J’ai confié le pays à mes confidents
Les reines de mes pensées à mes confesseurs.
Les idées les plus belles aux redresseurs
Mais, cher mon peuple, tu ne vois que profiteurs, indignes casseurs.
Tu l’as remarqué et tu t’es manifesté
Tu sais bien que dans le pays de ma majesté, rien ne saurait être tolérable sans ma suprême volonté.
Ta fleur de jeunesse, ta ressource de femmes, ton capital d’appartenance ont enfanté ta dignité que des indignés ont élevé en hymne à la vie.
Alors que puis-je pour tes damnés ?
Si je les libère, je te libère et je condamne mon pouvoir.
Si je les embastille encore, je t’embastille et je condamne mon pouvoir.
Cher mon peuple,
J’ai décidé de me libérer de tes charges et te céder ton pouvoir.

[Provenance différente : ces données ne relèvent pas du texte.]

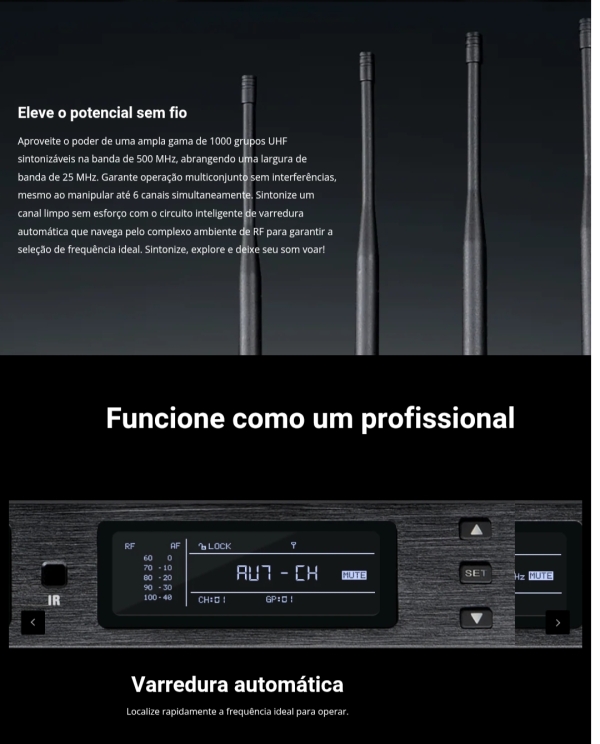 Sistema de microfone sem fio duplo com Tecnologia True Diversity PTU-2U-2H | - Imagem 10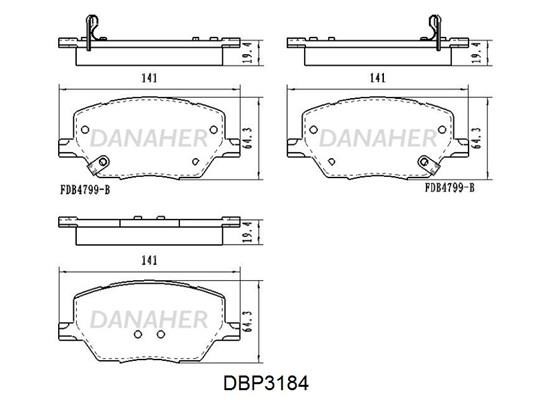 Danaher DBP3184 Brake Pad Set, disc brake DBP3184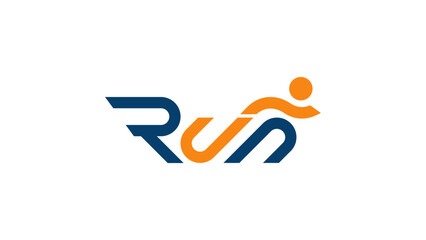 Simple, bold Run logo in blue and orange Color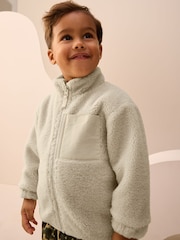 Stone Plain Funnel Neck Fleece Zip Through (3mths-7yrs) - Image 1 of 8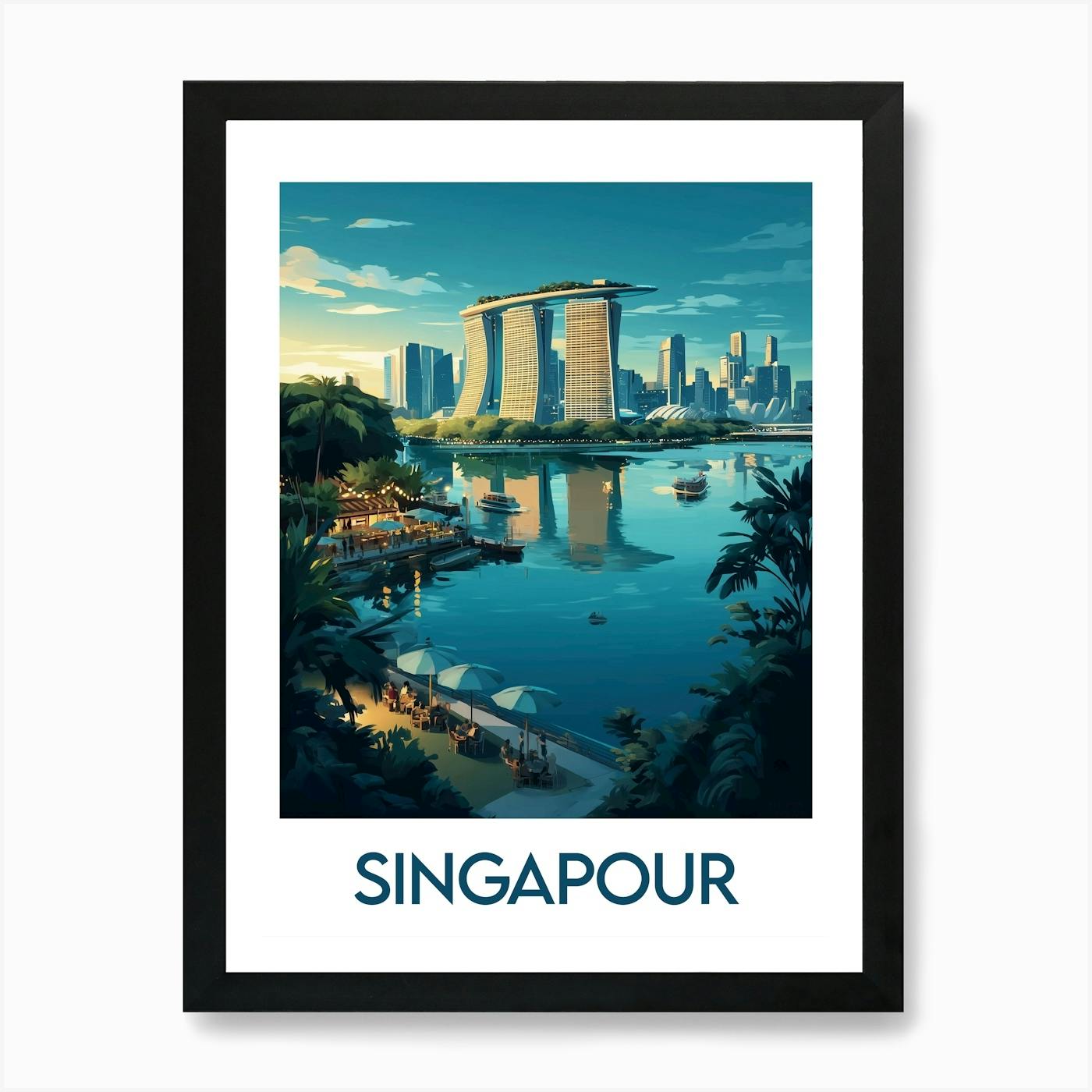 Marina Bay Sands Singapore Summer Travel Illustration Art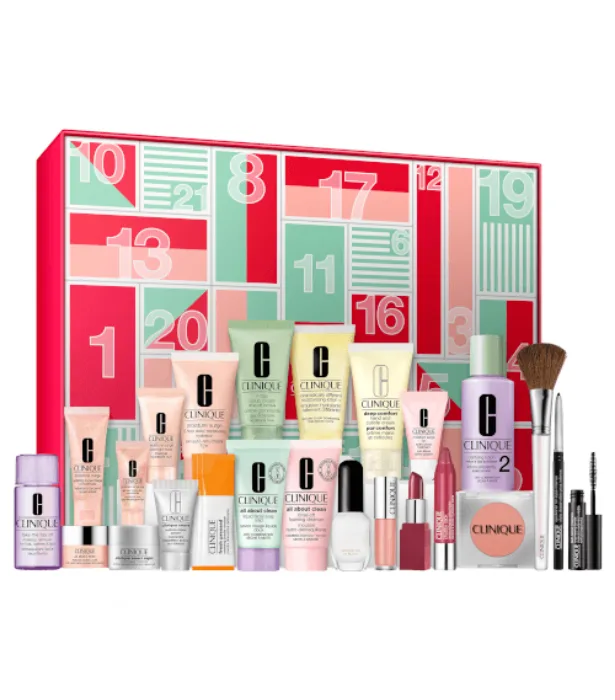 Clinique advent calendar with various skincare and makeup products in front.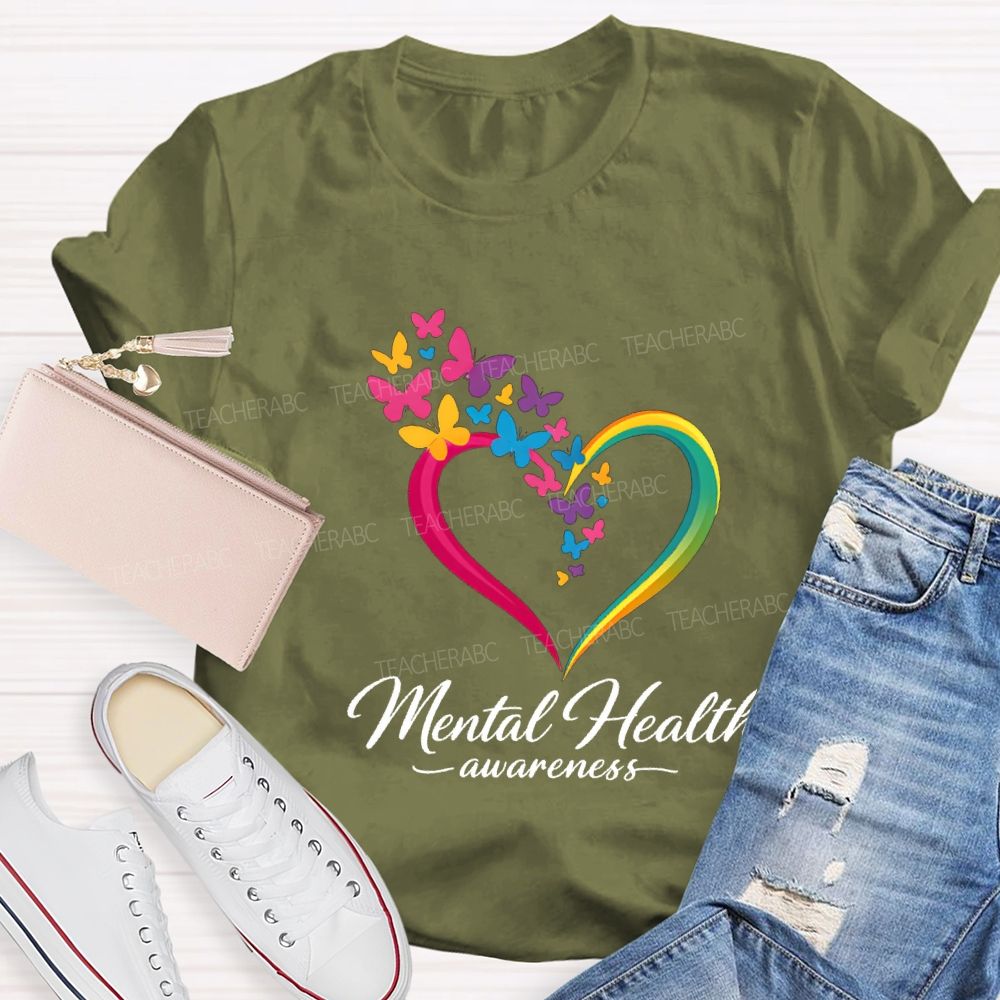 Mental Health Awareness Hearts And Butterflies Teacher T-shirt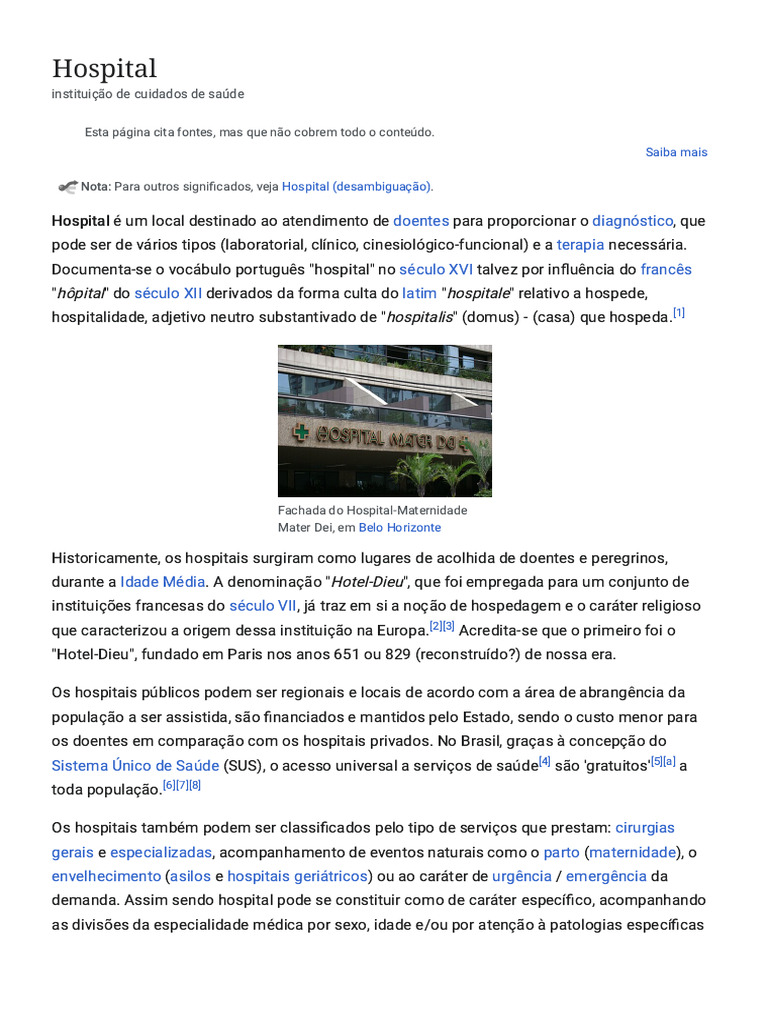 Hospital - Wikipédia, A Enciclopédia Livre | PDF | Hospital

J’ai décidé de me demettre de tes affaires pour me concentrer sur mes affaires.
Je serais ton Roi et toi mon pouvoir, nous demissionnerons collectivement.
Cela, certains le qualifient de démocratie
Je ne m’occuperais plus de tes questions citoyenne.

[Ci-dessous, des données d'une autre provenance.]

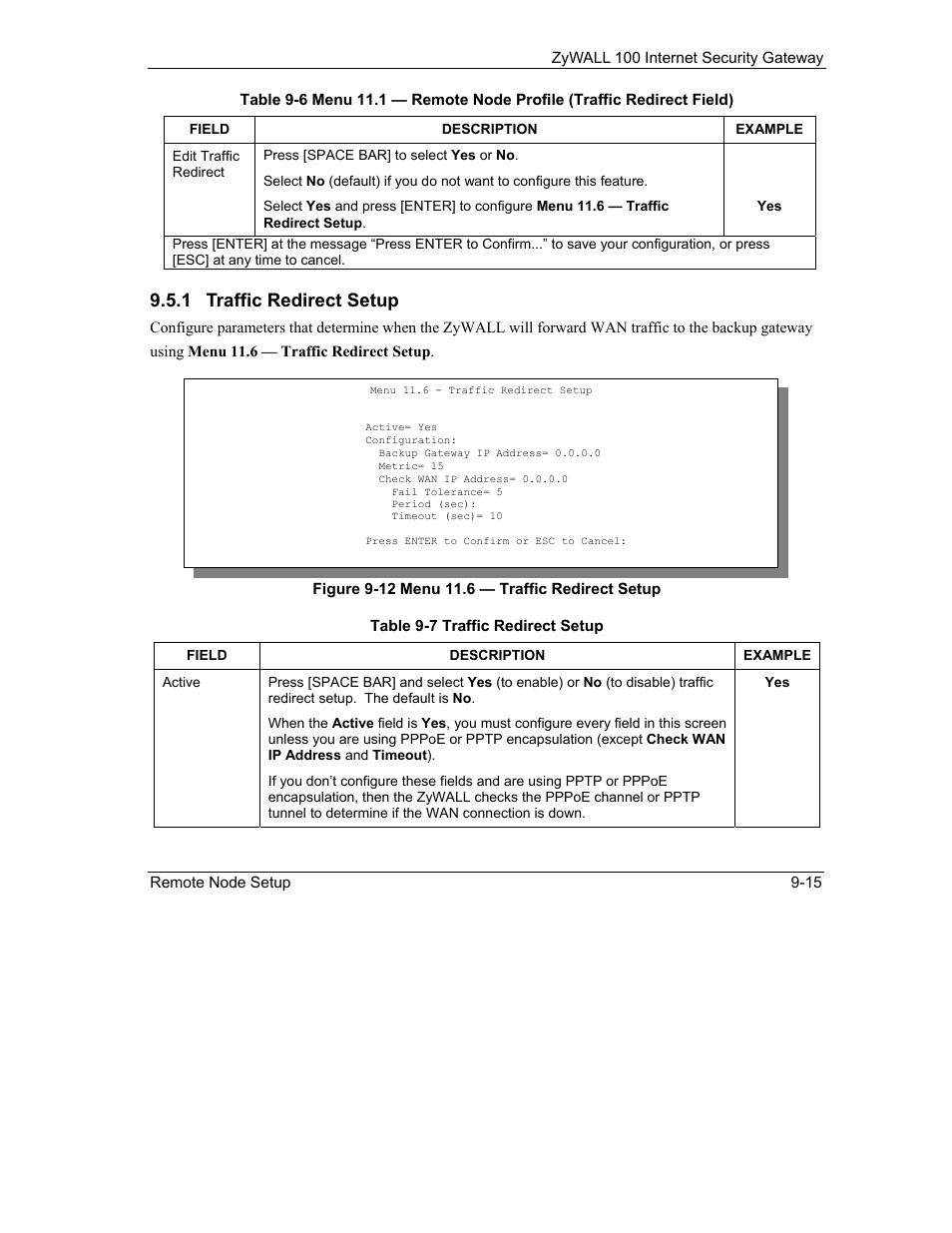 1 traffic redirect setup | ZyXEL Communications Internet Security Gateway ZyWALL 100 User Manual | Page 98 / 356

Quand à tes vilipendeurs, tu sauras t’en occuper.
Parmi tes enfants, il y’a ceux qui seront plus dignes de ta sollicitude.
Crois moi cher mon peuple, j’ai compris.
Je te laisse
Ton monarque d’hier et d’aujourd’hui
Demain on verra !
M. T.
Notes
(1) Discours utopique, discours parodique: le paradigme thélémique du Silène inversé, François Rigolot, seizième Siècle, No. 2 (2006), pp. 43-55
(2) « Le despotisme oriental », Karl Witfogel, 1957 : Oriental Despotism: A Comparative Study of Total Power, New Haven, Connecticut, Yale University Press. En français, « Le Despotisme oriental », traduit par Michèle Pouteau, Paris 1964, 1977.